This looks like an investigation issue where the definition of done would involve producing a simple example (possibly just the one that @koaning used, once he shares it), identifying the root cause, and creating a followup issue to implement and test the fix.

I am not completely sure but it looks like a documentation issue. As far as I can remember, CRFEntityExtractor never used dense features (word embeddings) and always relied on syntactic features... I even cross-checked on 1.10.x branch and at a quick look it doesn't seem to be using the word embeddings of tokens for training a model.
As I said, this is just a speculation... We should check it thoroughly.

Tab on reproducing this issue across rasa versions, starting from rasa v1.4.0. I have used the full SNIPS data for reproduction. Note that the configs will differ for older versions as a lot of the functionality wasn't available in earlier versions (rasa 1.4.0 is from June 2019!). All done with python 3.7.6.

  • identical performance in rasa v1.4.0 (using a slightly different config)
  • identical performance in rasa v1.5.3 (using a slightly different config)
  • identical performance in rasa v1.6.1 (using a slightly different config)
  • struggling to install rasa 1.7.x but I assume it won't deviate from the rest

  • identical performance in rasa v1.8.3 (using a minimally different config)
  • identical performance in rasa v1.9.7 (using a minimally different config)
  • identical performance in rasa v1.10.26 (using a minimally different config)
  • identical performance in rasa v2.0.8 (using a minimally different config)
  • identical performance in rasa v2.1.3 (using a minimally different config)
  • identical performance in rasa v2.2.10 (using a minimally different config)
  • identical performance in rasa v2.3.5 (using a minimally different config)
  • identical performance in rasa v2.4.3 (using a minimally different config)
  • identical performance in rasa v2.5.2 (using a minimally different config)
  • identical performance in rasa v2.6.3 (using a minimally different config)
  • identical performance in rasa v2.7.2 (using a minimally different config)
  • identical performance in rasa v2.8.3 (using a minimally different config)
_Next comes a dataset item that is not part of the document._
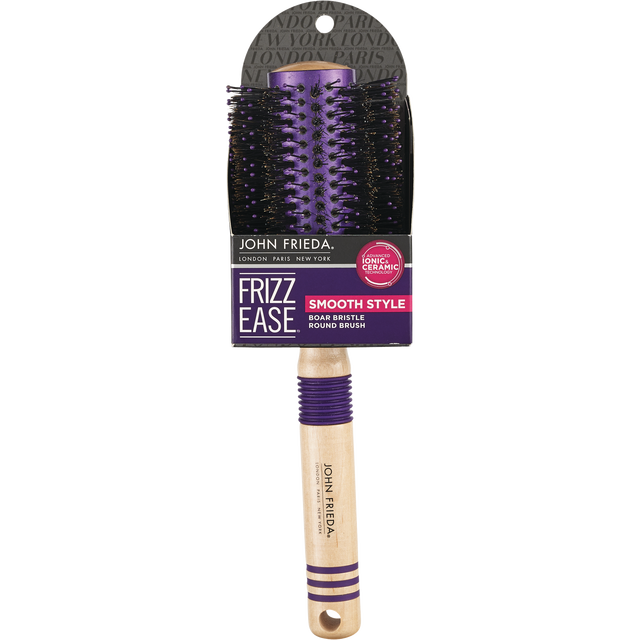 slide 1 of 1, John Frieda Medium Round Brush, 1 ct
Configs used for rasa 1.4.0, 1.5.3, 1.6.1:

  • config 1:

    language: "en"
    
    pipeline:
    - name: "SpacyNLP"
    - name: "SpacyTokenizer"
    - name: "SpacyFeaturizer"
    - name: "CRFEntityExtractor"
  • config 2:

    language: "en"
    
    pipeline:
    - name: "SpacyNLP"
    - name: "SpacyTokenizer"
    - name: "CRFEntityExtractor"

Configs used for rasa 1.8.3, 1.9.7, 1.10.26, 2.0.8, 2.1.3, 2.2.10, 2.3.5, 2.4.3, 2.5.2, 2.6.3, 2.7.2, 2.8.3:

  • config 1:

    language: en
    
    pipeline:
      - name: HFTransformersNLP
      - name: LanguageModelTokenizer
      - name: LexicalSyntacticFeaturizer
        "features": [
          # features for the word preceding the word being evaluated
          [ "suffix2", "prefix2" ],
          # features for the word being evaluated
          [ "BOS", "EOS" ],
          # features for the word following the word being evaluated
          [ "suffix2", "prefix2" ]]
      - name: CRFEntityExtractor
  • config 2:

    language: en
    
    pipeline:
      - name: HFTransformersNLP
      - name: LanguageModelTokenizer
      - name: LanguageModelFeaturizer
        model_name: "roberta"
        model_weights: "roberta-base"
      - name: LexicalSyntacticFeaturizer
        "features": [
          # features for the word preceding the word being evaluated
          [ "suffix2", "prefix2" ],
          # features for the word being evaluated
          [ "BOS", "EOS" ],
          # features for the word following the word being evaluated
          [ "suffix2", "prefix2" ]]
      - name: CRFEntityExtractor
    

Given the reproduction above, this looks like a docs issue. CRFEntityExtractor has indeed never used any dense word embeddings.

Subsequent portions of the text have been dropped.